Lauren Martino: So tell us a little bit, Christine, about how you got interested in early literacy and children's fiction?
Christine Freeman: Okay. Well, originally when I started as a librarian I was an adult reference librarian, which was interesting. But I realized that children are a lot more fun than adults.
Lauren Martino: I'm right there with you. I got you on that.
Christine Freeman: And once I started doing story times I was hooked, and there was no going back. So I'm a children's person from here forward.
Lauren Martino: You're a children's convert.
Christine Freeman: Yes, a children's convert.
Lauren Martino: Can you tell us a little bit about this new program, what's 1000 Books Before Kindergarten all about?
Christine Freeman: So 1000 Books Before Kindergarten is a nationwide program. The sole purpose of the program is to promote reading to newborns, infants, and toddlers, and to encourage parent and child bonding through reading. And that's what the library is all about. We want to create family engagement opportunities for parents, and that's what this program will do.
Julie Dina: Olivia, can you tell us exactly when the kickoff is for this program?
Olivia Darrell: Sure. Families can begin signing up for 1000 Books Before Kindergarten at any of our MCPL branches on Saturday, March 24th.
Lauren Martino: So, Olivia, I hear you get to buy children's books all day. That sounds like an amazing job. Can you tell us a little bit about that?
Olivia Darrell: It is an amazing job. I started out as a children's librarian in the branches which I loved. And I got to do story time. But now I get to sit in an office and buy books for kids. And I get to read reviews and find the best ones and make sure that we're spending the county's money responsibly.
Lauren Martino: So you get to immerse yourself in like Horn Book all day and …
Olivia Darrell: Yeah, Horn Books, School Library Journal, all of those.
Lauren Martino: Do you have any good children's book podcasts to recommend? Do you listen to any of those or is that not your thing?
Olivia Darrell: I don't. I read a lot of the blogs, but I don't get into many of the - I do listen to podcasts but not about children's literature.
Julie Dina: Christine, I really like the sound of this whole program that we're all talking about. And it really is an innovative way to get children geared toward reading before they actually begin kindergarten. Could you tell us whose idea this was or who actually started it?
Christine Freeman: So this program is a nationwide program. It was originally started in Las Vegas, Nevada through a private charitable donation. It currently has other sponsors. Basically, like I said, their whole goal is just to get parents and kids reading. And across the country people do various formats for the program. Some use logs, some use online programs to log, so it's different across the country.
Lauren Martino: Who can participate in this program? I've got a four-year-old, and you were talking about a 1,000 books. And she's four. Is this like really something you have to start at age - at birth or can any kid participate?
Olivia Darrell: Any child can participate starting at birth, like you said, but certainly your four-year-old can participate as well. Anyone who hasn't yet begun kindergarten can participate in this program.

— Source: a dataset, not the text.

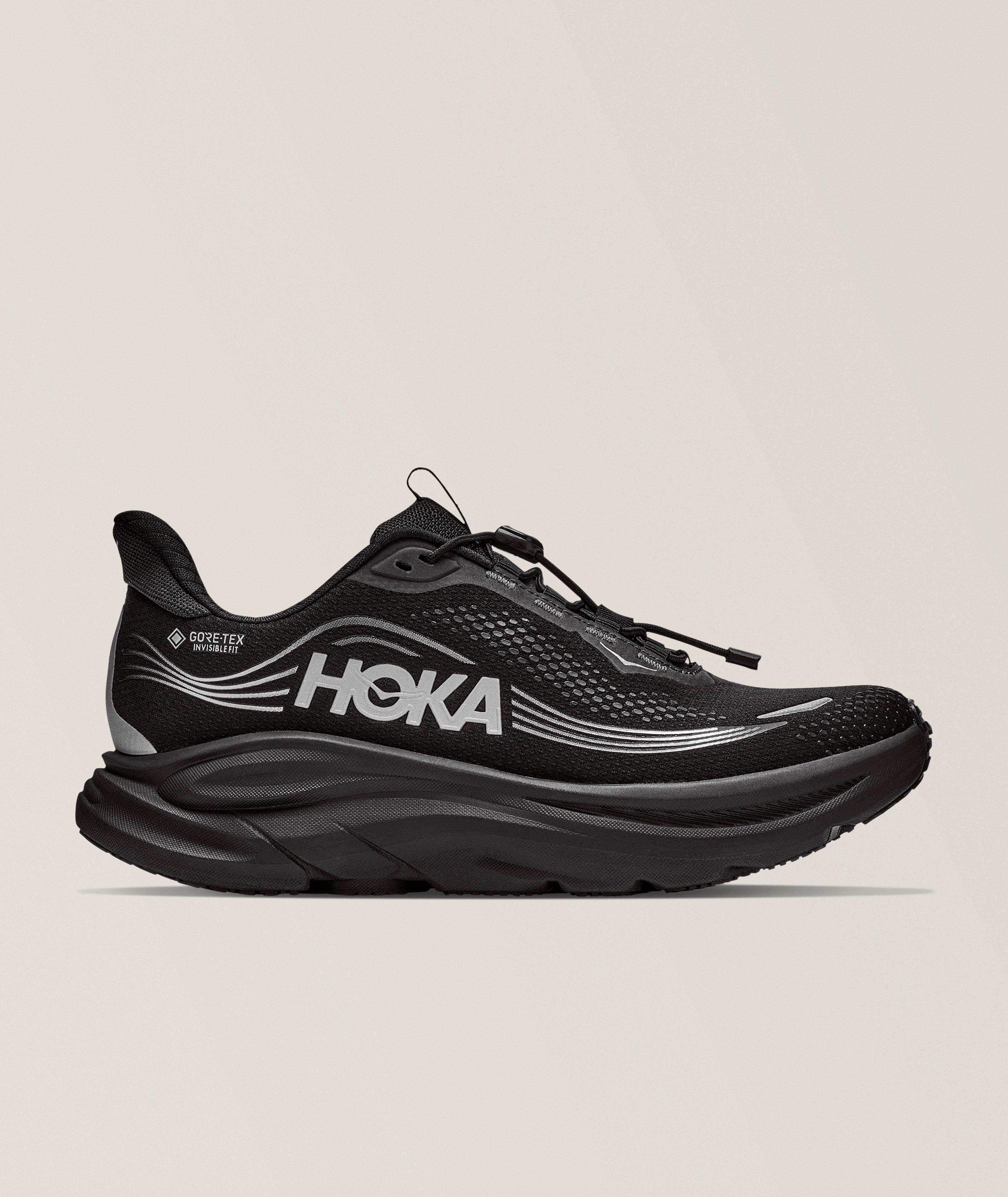 Hoka Chaussures Sport Clifton 11 Gtx En Noir | Taille Homme 9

Christine Freeman: And we have some really easy ways to help your child complete. We have something called Early Literacy Moments. And what that means is any time you have an early literacy moment, such as you're singing the ABCs, or you're looking at shapes when you're taking a walk or if you are singing a song or fingerplay, each one of those counts as a book. So those add up really quickly if you think about one day spent with your child, those early literacy moments really add up and that will help you complete summer reading a 1,000 Books Before Kindergarten.
Julie Dina: Well, I'm pretty sure a lot of parents want to know what options do they actually have for recording their children's progress. Can you tell us a little bit about that?

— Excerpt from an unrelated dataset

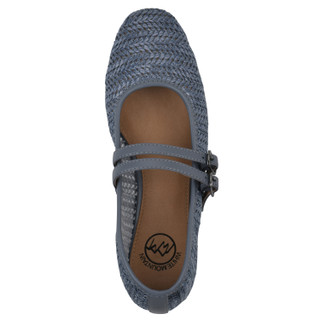 Thumbnail 3: White Mountain White Mountain Womens Extended Size Bocage Mary Jane Flat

Christine Freeman: It's going to be really easy. All of our branches will be ready and waiting when parents want to go to sign up their children. You can go to any information desk and our staff will be happy and excited to sign your children up using Beanstack, and they will give them a paper log. The paper log is so simple, every time a child has a book read to them they can color in a little shell, which you know they're going to love. When they finish coloring a hundred shells they take it back to the library and they get something fun.
Julie Dina: Christine, you just mentioned Beanstack, can you, especially for those who are not aware of what that is, can you tell us exactly what that means?

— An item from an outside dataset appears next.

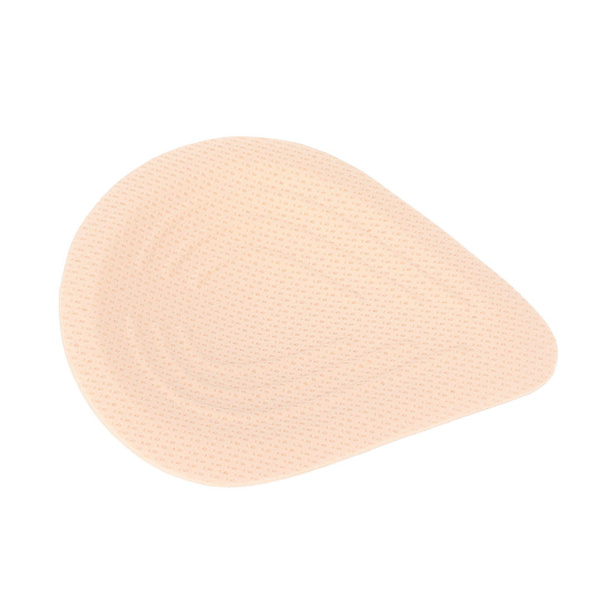 Left L-Size Spiral Silicone Breast Prosthesis for Post-Mastectomy Recovery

Christine Freeman: Sure, Julie. Beanstack is an online portal. It is super easy to use. You can create an account and then sign up for all of our reading programs. If you are a parent it's really easy because you can make one user account and then have all your readers on your account, so that means only one login and one password. And if you need help signing up for an account you can go to any of our information staff and they'll be happy to assist you with that. The best thing about Beanstack is it gives you personalized reading lists and suggestions for books, it is fantastic. They will send you emails of suggestions, and if you choose you can go to the library and ask the librarian to get them for you.
Lauren Martino: You can also do the reading challenge that way, can't you, if you're an adult and feel so inclined?
Christine Freeman: Yes, any of our reading programs that we have, which include summer reading for little ones, elementary and teens, and then a reading challenge for adults as well, and a thousand books.
Lauren Martino: So, I hear you can win prizes doing this for your children. How does that work?
Olivia Darrell: Of course we have prizes. Every time you read a hundred books and bring in your finished log the child will get a sticker, and then after reading 500 books they'll get a magnet frame. And after completing a thousand they'll get a new backpack to load up with even more books. And just imagine how impressed your child's kindergarten teacher will be when they can tell them that they have already read 1,000 books.
Christine Freeman: And what you want to say is this is a great opportunity to build self-esteem with your children. Every time they complete a log and you celebrate that that encourages them to keep on reading. And that's how we're going to build lifelong reading for our young children.
Lauren Martino: And the librarians will be celebrating that too, right?
Christine Freeman: The librarians will be celebrating that too. I can tell you I think staff will be really excited when the kids come in with their smiling faces and their logs all filled out, and they will be excited and happy to celebrate with them.
Lauren Martino: We are all about celebrating their reading.
Julie Dina: I would like to go back to Beanstack though. So for parents who say, "I signed up for a summer read and learn last summer, do I have to create another account in Beanstack?" What exactly do we tell them?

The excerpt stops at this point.